Une prohibition automatique de l’IVG
dans certains États
Le tremblement de terre politique que vient de
déclencher la cour suprême a été préparé de longue date par le mouvement
conservateur de plus en plus en osmose avec la droite chrétienne. Invalider Roe
est devenu au fil des années un marqueur pour tout candidat républicain que le
« bloc évangélique » (la formule est de John Mason, professeur de
sciences-politiques), prenait de plus en plus de pouvoir au sein du GOP. Et c’est d’ailleurs
pour cette raison - faire la peau du droit à l’avortement - que Donald Trump, dont la personnalité répond assez
peu aux standards de vie des fondamentalistes chrétiens, avait recueilli, en
2016 et 2020, 77 % puis 84 % des suffrages des électeurs évangéliques
blancs. La nomination par un président pourtant minoritaire dans les urnes
(3 millions de voix de moins que Hillary Clinton) de trois nouveaux juges
(Neil Gorsuch, Brett Kavanaugh et Amy Coney Barrett) a permis de « sécuriser » une majorité ultraconservatrice au sein de la plus haute instance judiciaire des États-Unis, dont le rôle dans un pays de « common law », où la
jurisprudence fait aussi le droit, est donc forcément très politique.
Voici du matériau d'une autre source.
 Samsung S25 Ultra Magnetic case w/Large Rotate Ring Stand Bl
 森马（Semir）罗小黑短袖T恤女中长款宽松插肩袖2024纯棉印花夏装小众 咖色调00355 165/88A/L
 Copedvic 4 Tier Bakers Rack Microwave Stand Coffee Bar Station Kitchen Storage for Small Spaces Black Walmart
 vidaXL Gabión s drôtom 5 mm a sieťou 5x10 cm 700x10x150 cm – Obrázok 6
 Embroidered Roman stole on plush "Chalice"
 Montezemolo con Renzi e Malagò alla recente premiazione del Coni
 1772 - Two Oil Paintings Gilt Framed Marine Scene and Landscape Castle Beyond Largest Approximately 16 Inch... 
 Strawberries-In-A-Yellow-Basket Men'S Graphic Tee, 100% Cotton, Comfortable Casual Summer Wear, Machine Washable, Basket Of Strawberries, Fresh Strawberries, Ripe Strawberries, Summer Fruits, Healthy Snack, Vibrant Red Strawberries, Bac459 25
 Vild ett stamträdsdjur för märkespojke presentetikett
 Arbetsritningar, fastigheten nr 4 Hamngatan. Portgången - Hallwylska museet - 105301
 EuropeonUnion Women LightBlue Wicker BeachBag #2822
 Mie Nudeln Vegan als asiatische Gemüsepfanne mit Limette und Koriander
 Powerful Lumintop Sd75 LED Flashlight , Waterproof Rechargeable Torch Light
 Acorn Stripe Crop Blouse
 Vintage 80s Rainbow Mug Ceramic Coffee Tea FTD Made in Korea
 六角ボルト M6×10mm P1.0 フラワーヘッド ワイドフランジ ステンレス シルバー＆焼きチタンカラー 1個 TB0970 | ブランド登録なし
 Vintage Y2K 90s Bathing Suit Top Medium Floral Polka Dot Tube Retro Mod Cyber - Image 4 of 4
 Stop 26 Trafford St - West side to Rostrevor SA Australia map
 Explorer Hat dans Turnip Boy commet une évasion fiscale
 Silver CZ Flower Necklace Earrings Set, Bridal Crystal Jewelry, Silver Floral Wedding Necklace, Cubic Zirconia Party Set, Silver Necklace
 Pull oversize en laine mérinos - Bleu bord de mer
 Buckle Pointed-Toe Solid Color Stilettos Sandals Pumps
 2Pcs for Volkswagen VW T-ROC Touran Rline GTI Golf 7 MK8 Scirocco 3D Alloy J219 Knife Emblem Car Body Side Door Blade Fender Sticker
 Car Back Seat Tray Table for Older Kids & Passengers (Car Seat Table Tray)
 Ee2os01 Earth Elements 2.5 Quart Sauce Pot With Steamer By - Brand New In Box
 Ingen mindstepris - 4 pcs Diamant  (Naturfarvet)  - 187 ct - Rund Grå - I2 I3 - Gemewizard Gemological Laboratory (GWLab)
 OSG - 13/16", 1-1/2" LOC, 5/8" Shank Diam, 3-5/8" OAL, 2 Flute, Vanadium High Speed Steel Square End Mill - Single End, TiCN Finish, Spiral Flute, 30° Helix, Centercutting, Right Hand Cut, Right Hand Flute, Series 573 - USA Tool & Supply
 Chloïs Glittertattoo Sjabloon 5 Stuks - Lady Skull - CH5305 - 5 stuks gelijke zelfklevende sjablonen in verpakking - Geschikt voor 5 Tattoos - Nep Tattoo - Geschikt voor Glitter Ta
Voilà qui est donc fait : « Roe v. Wade » est à terre. Dès demain, l’avortement sera interdit dans treize États (Arkansas, Idaho, Kentucky, Louisiane, Mississippi, Missouri, Dakota
du Nord et du Sud, Oklahoma, Tennessee, Texas, Utah et Wyoming). Ces derniers,
tous dirigés par les républicains, ont voté durant ces dernières années des « trigger laws » (littéralement « lois gâchettes ») : elles étaient anticonstitutionnelles hier car elles
contrevenaient à « Roe », elles s’appliquent donc automatiquement. D’autres États conservateurs ne tarderont pas à faire voter des lois dans le même sens. Le pays sera rapidement coupé en deux.
Pour le mouvement conservateur, la victoire politique
est éclatante mais elle ne signe pas la cessation des « hostilités » sur le sujet. Comme le rappelait Ryan Grim,
journaliste pour le site d’investigation
The Intercept, juste après la fuite
du « draft » : « laisser le choix du droit à l’avortement aux États n’est évidemment pas le but final. Leur but est de
l’interdire partout ».
Une reconnaissance de la « personnalité » au foetus
Mitch Mc Connell, le leader des républicains au Sénat,
avait laissé entendre que cela pourrait faire l’objet d’une loi si le GOP
remportait les élections de mi-mandat de novembre prochain. Il se heurterait
pourtant au même obstacle qu’il oppose aux démocrates tentant de légiférer au
Congrès afin de « sacraliser » le droit à l’avortement : le fameux « filibuster », cette pratique d’obstruction parlementaire qui
nécessite une supermajorité de 60 sénateurs – ce dont ne disposent ni les
démocrates, ni les républicains – pour les lois autres que budgétaires.
Faute de possibilité dans le champ de la loi, le
mouvement conservateur avance ses pions dans celui du droit. Sa prochaine
bataille réside dans la reconnaissance du statut de personnalité au « fœtus ». En ce cas, il serait placé sous la protection du 14 e amendement de la Constitution. Ce dernier a été ratifié après la
guerre de Sécession, en 1868, et visait à protéger les droits des anciens
esclaves émancipés par le 13 e amendement (1865) en
garantissant la citoyenneté à toute personne née aux États-Unis (droit du sol)
et en en affirmant l’égale protection face à la loi de tous ceux qui se
trouvent sur le territoire. Si, par une décision jurisprudentielle, le fœtus
était reconnu comme un individu, dès la conception ou dès le premier battement
de cœur, le 14 e amendement s’appliquerait à lui. Même les
plus conservateurs des juges – notamment Antonin Scalia – ont toujours émis les
plus grands doutes sur cette théorie. Mais le principe d’une dynamique – et
c’est bien ce qu’a enclenché la droite chrétienne – est de faire sauter des
verrous considérés comme solides peu de temps avant.